Akin to zooming in and out of a google map, the way in which the system is viewed should enable the right level of details to help characterize the part of the system being viewed without losing the essence of the overall context. For instance, in evaluating the complex interactions within a family system, which includes the couple and children or even in some cases external parties, there may be need to summarize certain aspects of the system while doing a deep dive into other parts of the system without risking the information that makes that family system unique. So, we could zoom into the relationships between the spouses and identify key issues with communication and other interactions within their relationship while summarizing the children as a block of stakeholders in the system that are impacted by the output of the interactions within the ‘spouses’ subsystem.

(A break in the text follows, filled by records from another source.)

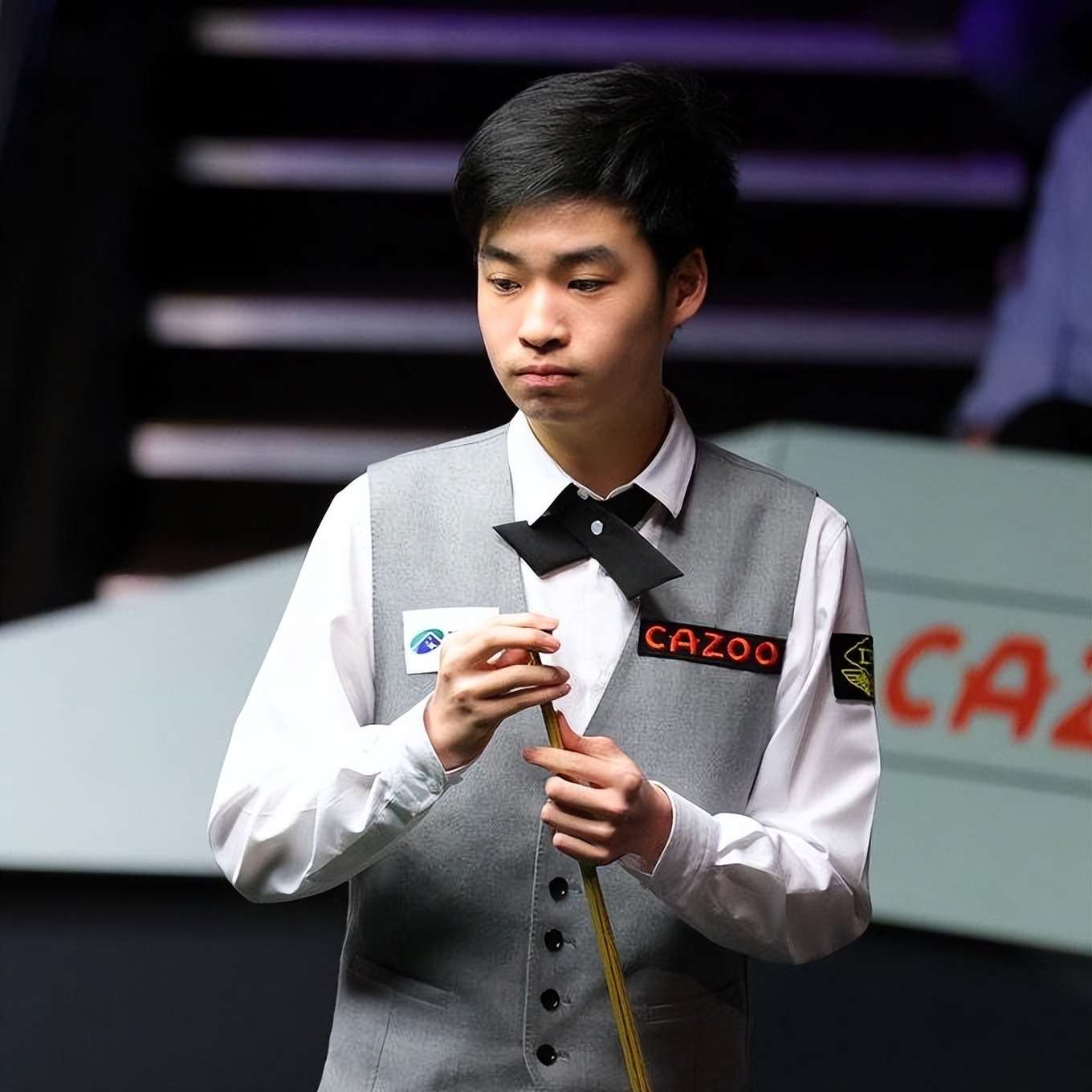 里也感到压 里也感到压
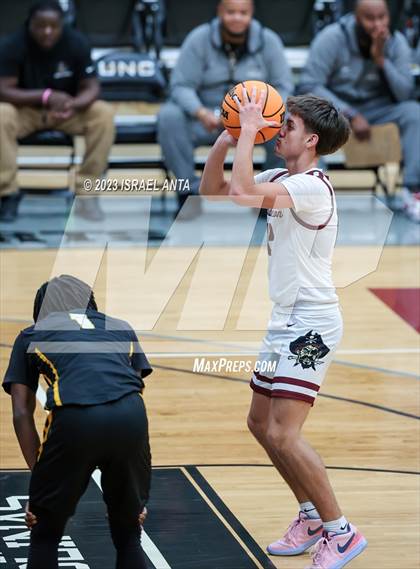 Thumbnail 2 in Lumberton vs. Dillon (2023 Robeson County Shootout) photogallery.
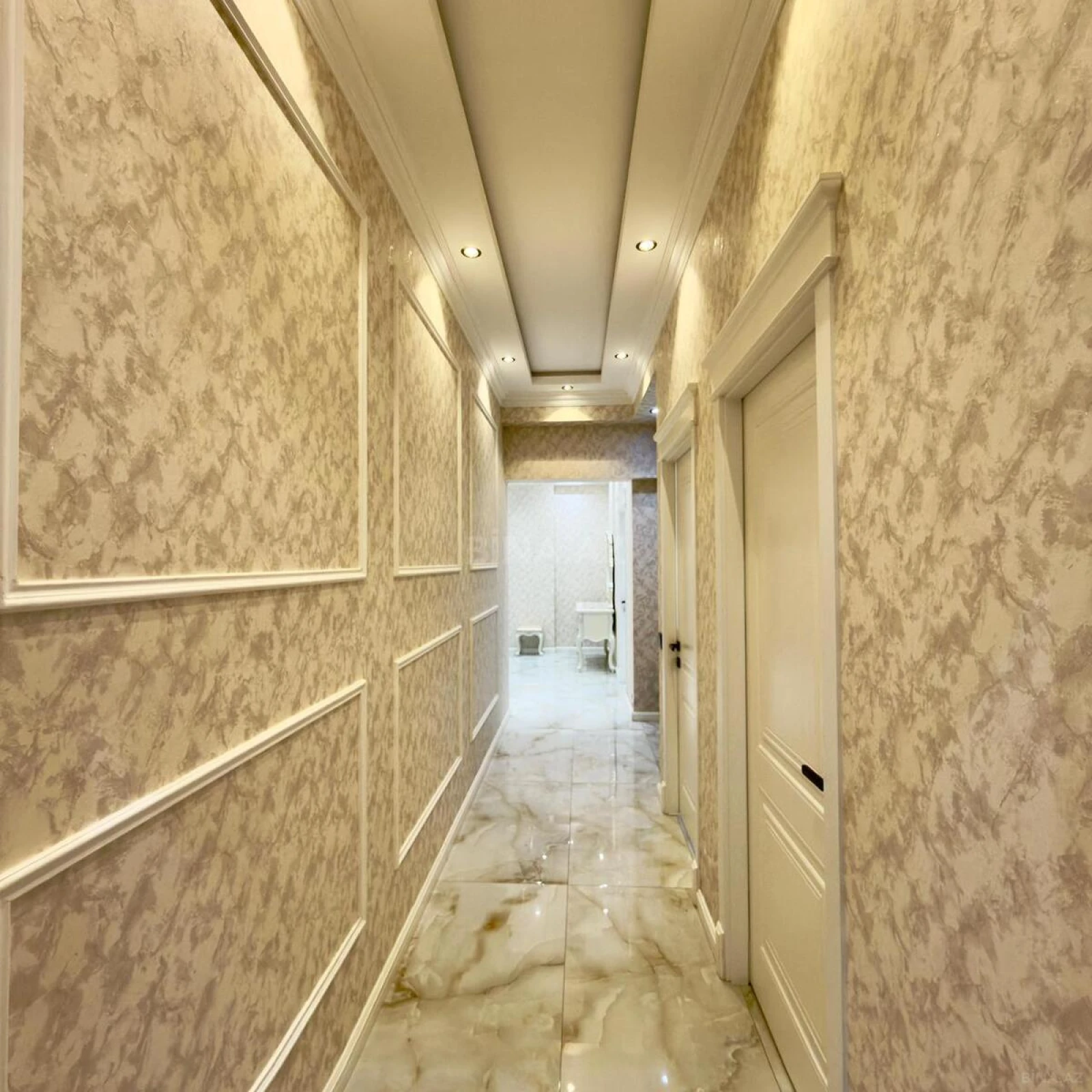 Satılır 3 otaqlı mənzil 117 m²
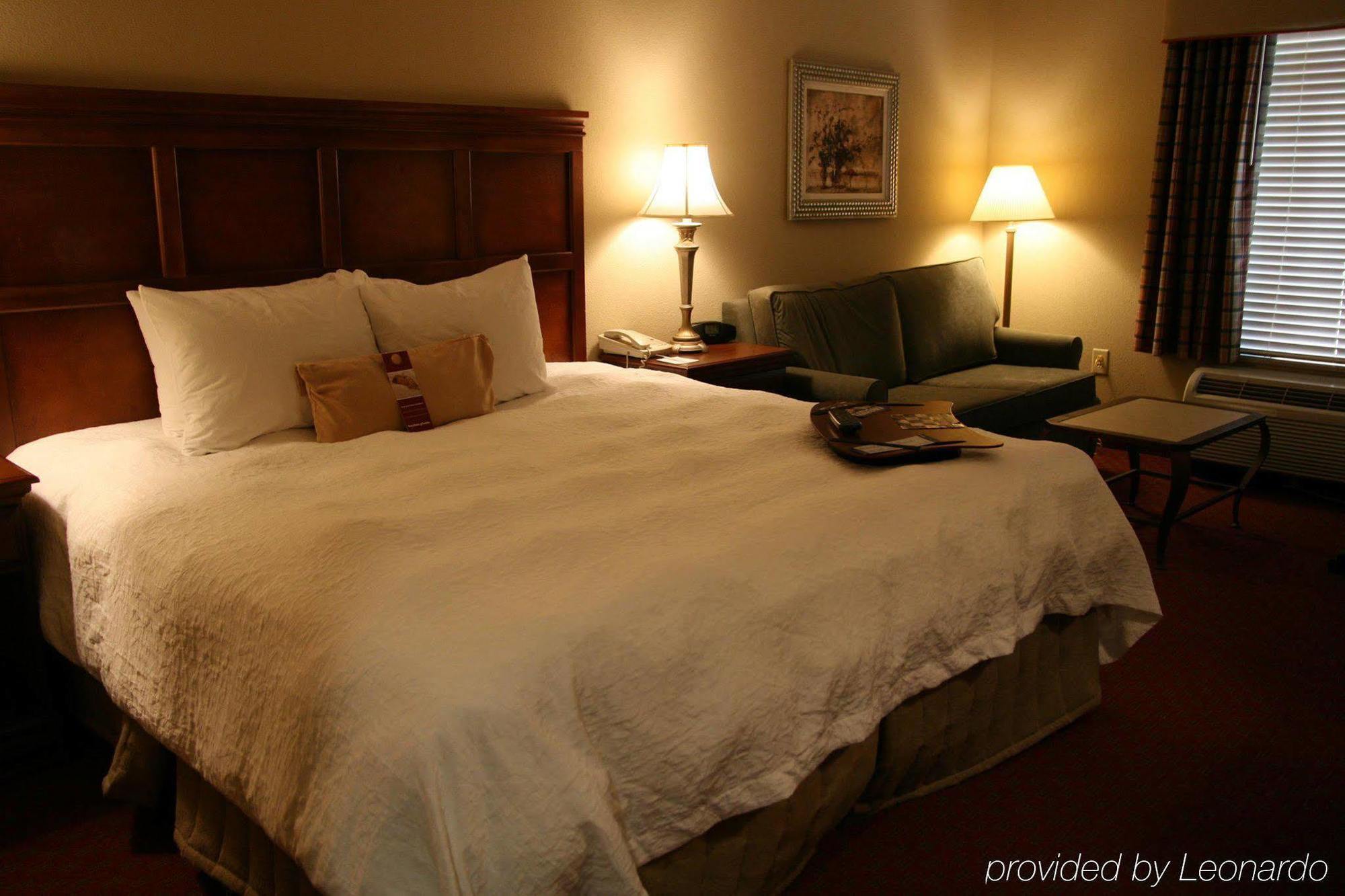 Hampton Inn & Suites Montgomery-Eastchase Szoba fotó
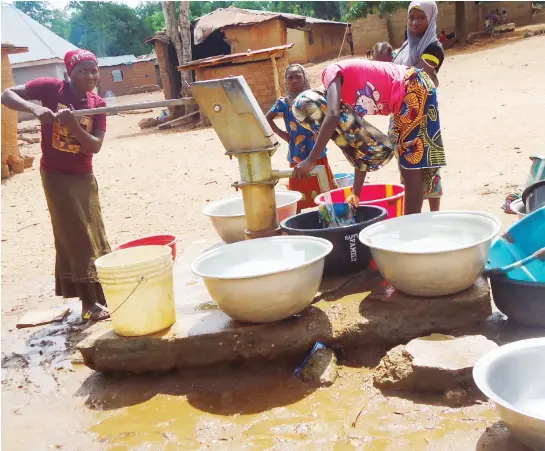  ?? PHOTO
ABUBAKAR SADIQ ISAH ?? Locals at a borehole at a Kwali community recently.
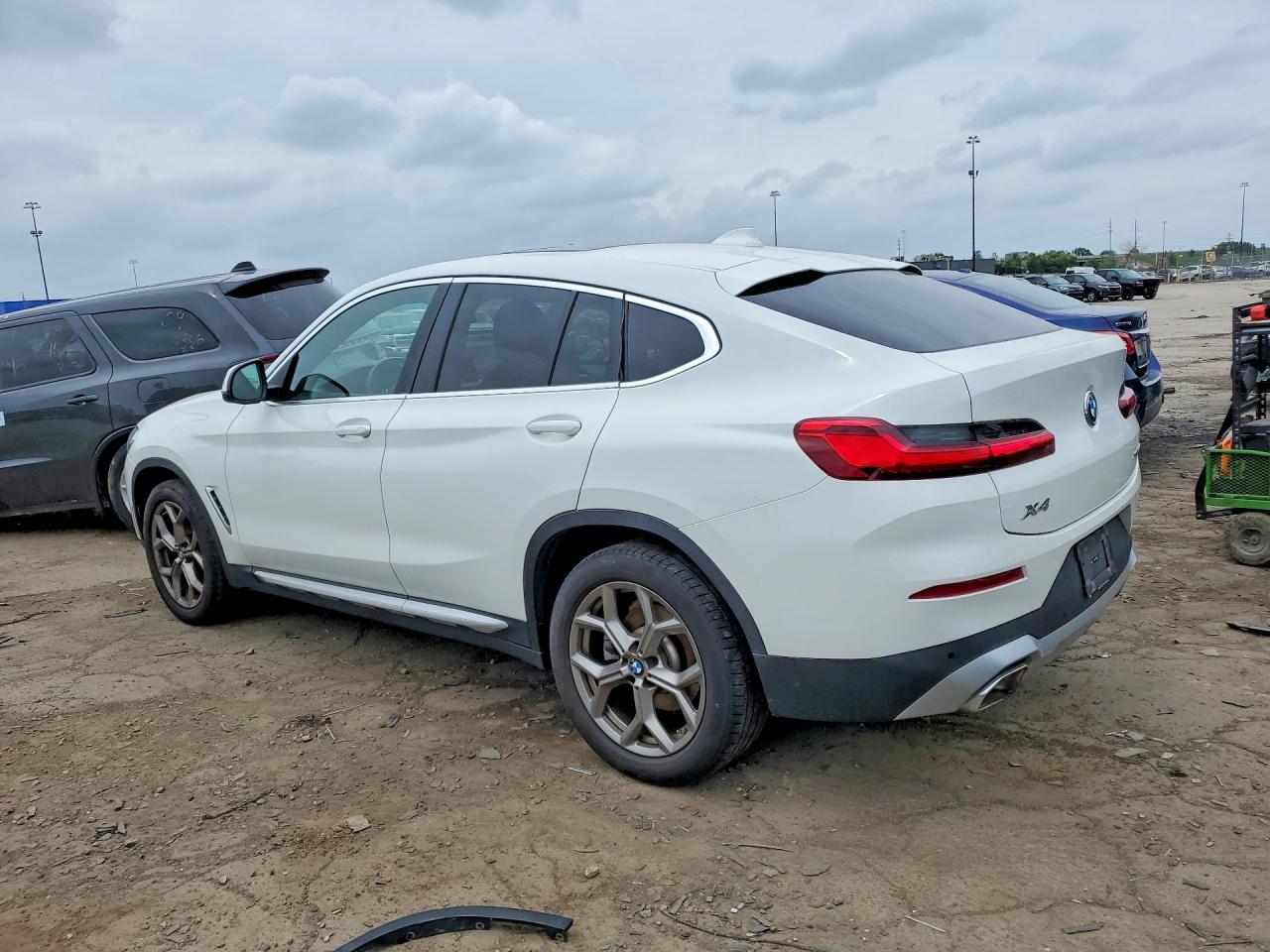 5UX33DT03R9V02239 · 2024 BMW X4 · 2/13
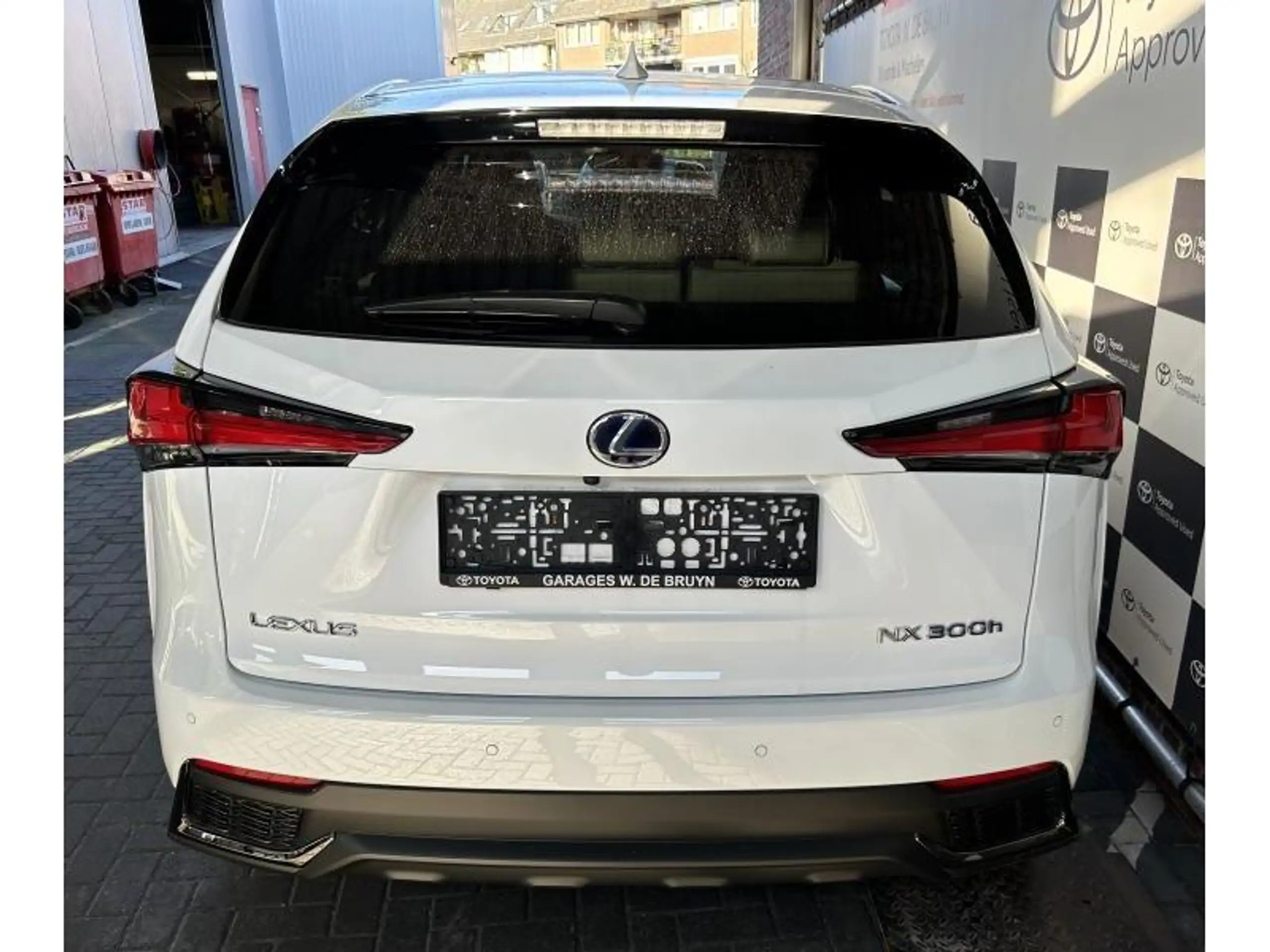 Lexus - NX 300h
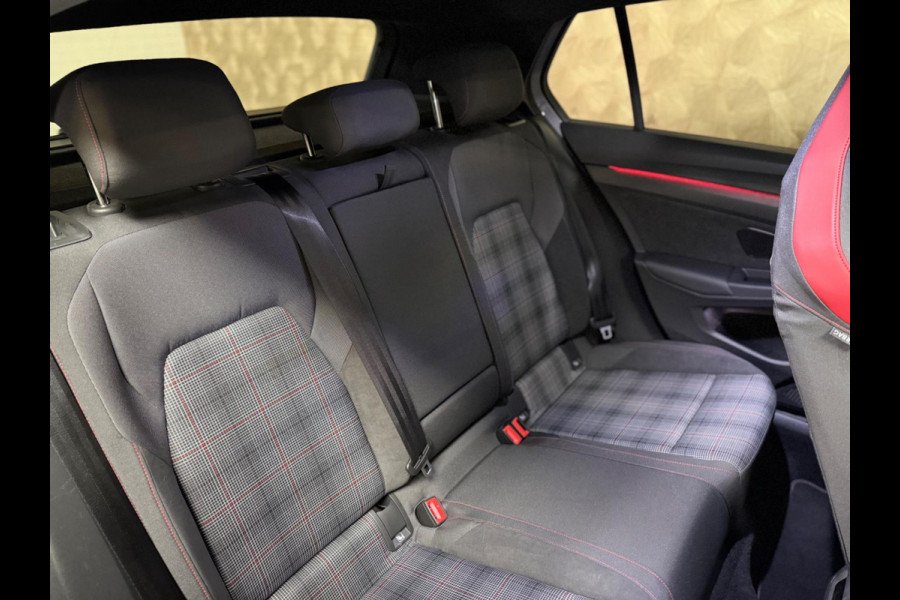 Volkswagen Golf 2.0 TSI GTI 8.5 Facelift | HUD | Harman/Kardon | Camera | Pano
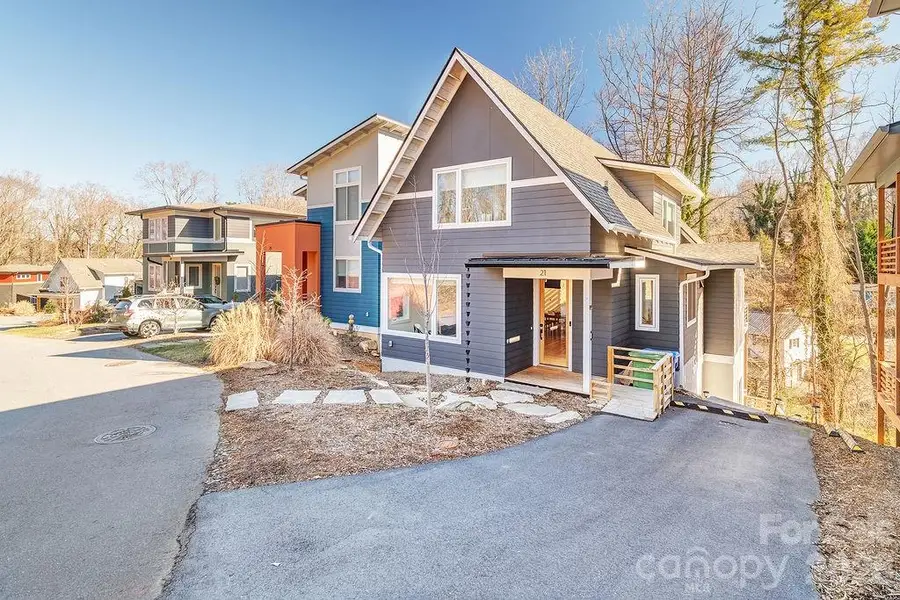 21 Orrinel Way, Asheville, NC 28806 - Image #2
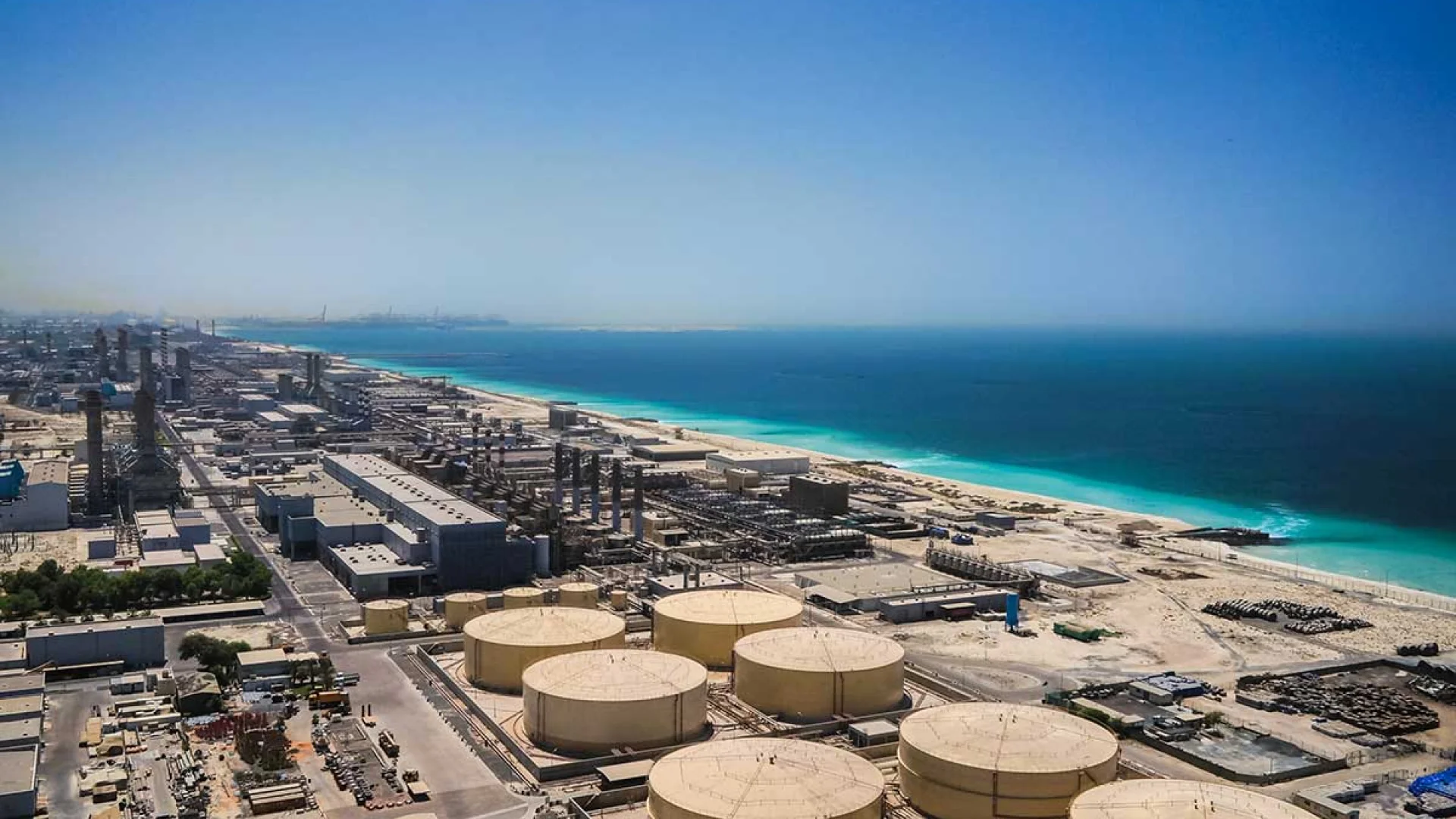 Neue Entsalzungsanlage in den VAE: 60 Mio. Gallonen/Tag | Die Geissens Real Estate | Luxus Immobilien mit Carmen und Robert Geiss – Die Geissens in Dubai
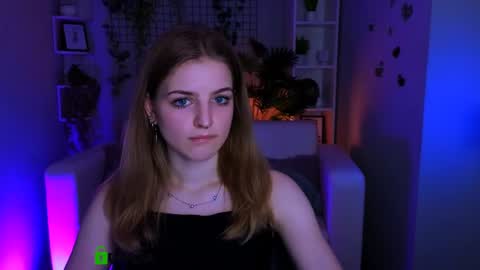 Snapshot of prettyamyy chatting on 06.22.26 Ammy online show from 06.22.26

The difference in this sort of subset analysis versus just looking at each subset independently is the conscious focus on the input and output linkages to other parts of the system while still carrying out a detailed analysis of the specific subsystem. As broken links are encountered, a further deep dive may be required to analyze the causes of these disconnections. In the successive breakdown of layers of the system, the anchor to the overall system is maintained by keeping the inputs and output links to other parts of the system in focus and to ensure that each successive breakdown still supports the ability to explain the interactions with the other components of the system and the external environment where applicable. This is applicable to the analysis of the layers of a governance system composed of the various subsystems including the citizens, executives, judiciary, legislatives, and even external players (e.g., lenders / investors); or to a business which could be broken down by the respective functions or stakeholder groups. The consistent theme that facilitates the identification of the issues in the overall system or define opportunities for optimization is the ability to preserve the true behaviors of the system as characterized by the connections. Hence the focus is more on the interactions that solely on the components, because it is not uncommon to find individuals parts /subsystems working well and seemingly doing what they are designed to do whereas the overall system remains suboptimal due to challenges with interactions and feedback loops.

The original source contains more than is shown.